[Short text fragments from websites]
☆ ☆ ☆ ☆ ☆ ☆ ☆

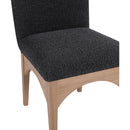  Color_Black/ Natural -- Meridian Waldorf Dining Chair IMAGE 7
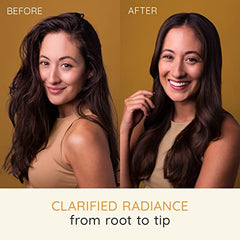 Aveeno Apple Cider Vinegar Clarifying Conditioner, Shine Boosting, Nourishing, for Dull Hair, 354 milliliters
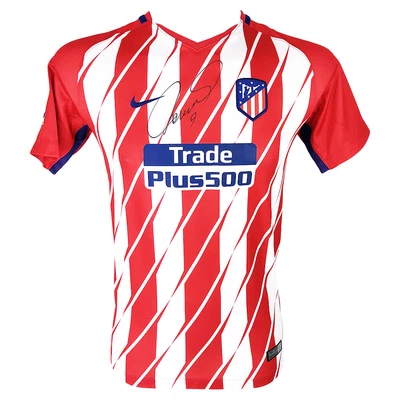 £999.99 • Buy Signed Fernando Torres Shirt - Atletico Madrid Icon +COA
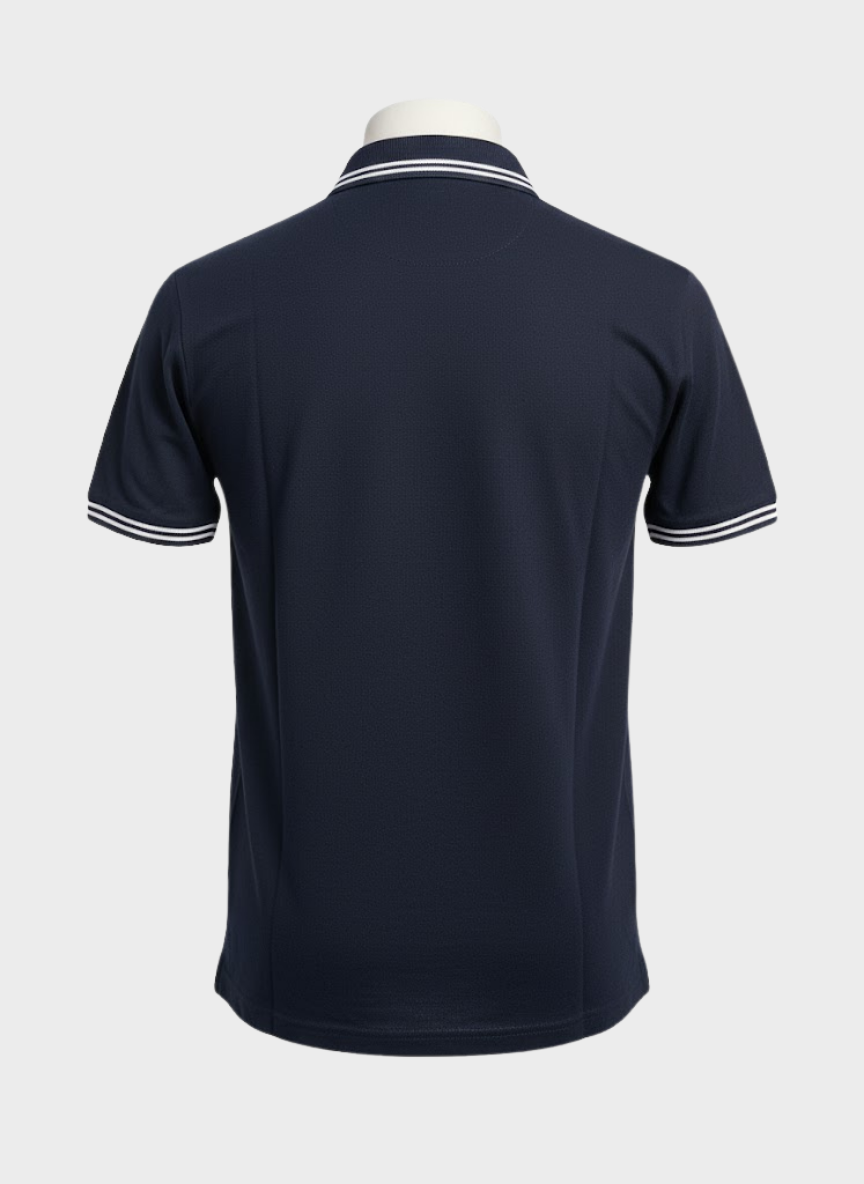 Brave Soul Drak Navy Polo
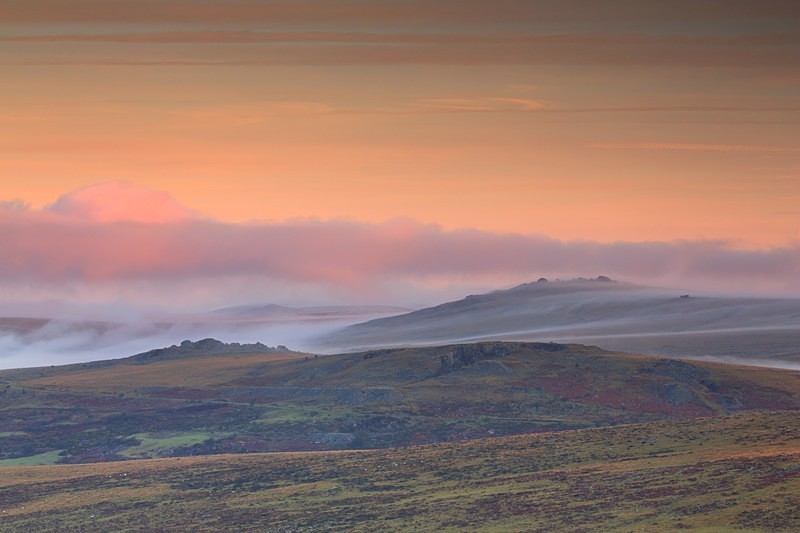 Mists of Great Mis - Dartmoor Landscapes Prints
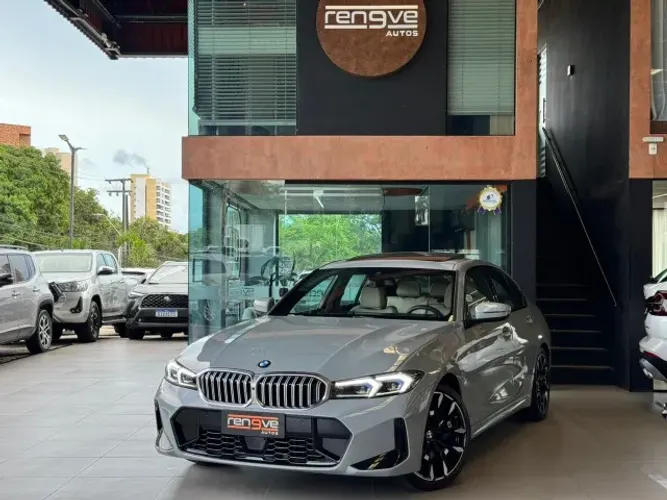 BMW 320I A 2.0 TB M Sport Activeflex 16V 4P 2025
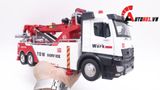  Mô hình xe cứu hộ cần móc bằng hợp kim tỉ lệ 1:24 Metal DieCast OT249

☆ ☆ ☆ ☆ ☆ ☆ ☆

# EXERCISE DESCRIPTION:
Write out, word for word, the lines from the first line of the entries through the one containing "Mists of Great", both included. Leave out the pictures.

# WRITTEN SOLUTION:
  Color_Black/ Natural -- Meridian Waldorf Dining Chair IMAGE 7
 Aveeno Apple Cider Vinegar Clarifying Conditioner, Shine Boosting, Nourishing, for Dull Hair, 354 milliliters
 £999.99 • Buy Signed Fernando Torres Shirt - Atletico Madrid Icon +COA
 Brave Soul Drak Navy Polo
 Mists of Great Mis - Dartmoor Landscapes Prints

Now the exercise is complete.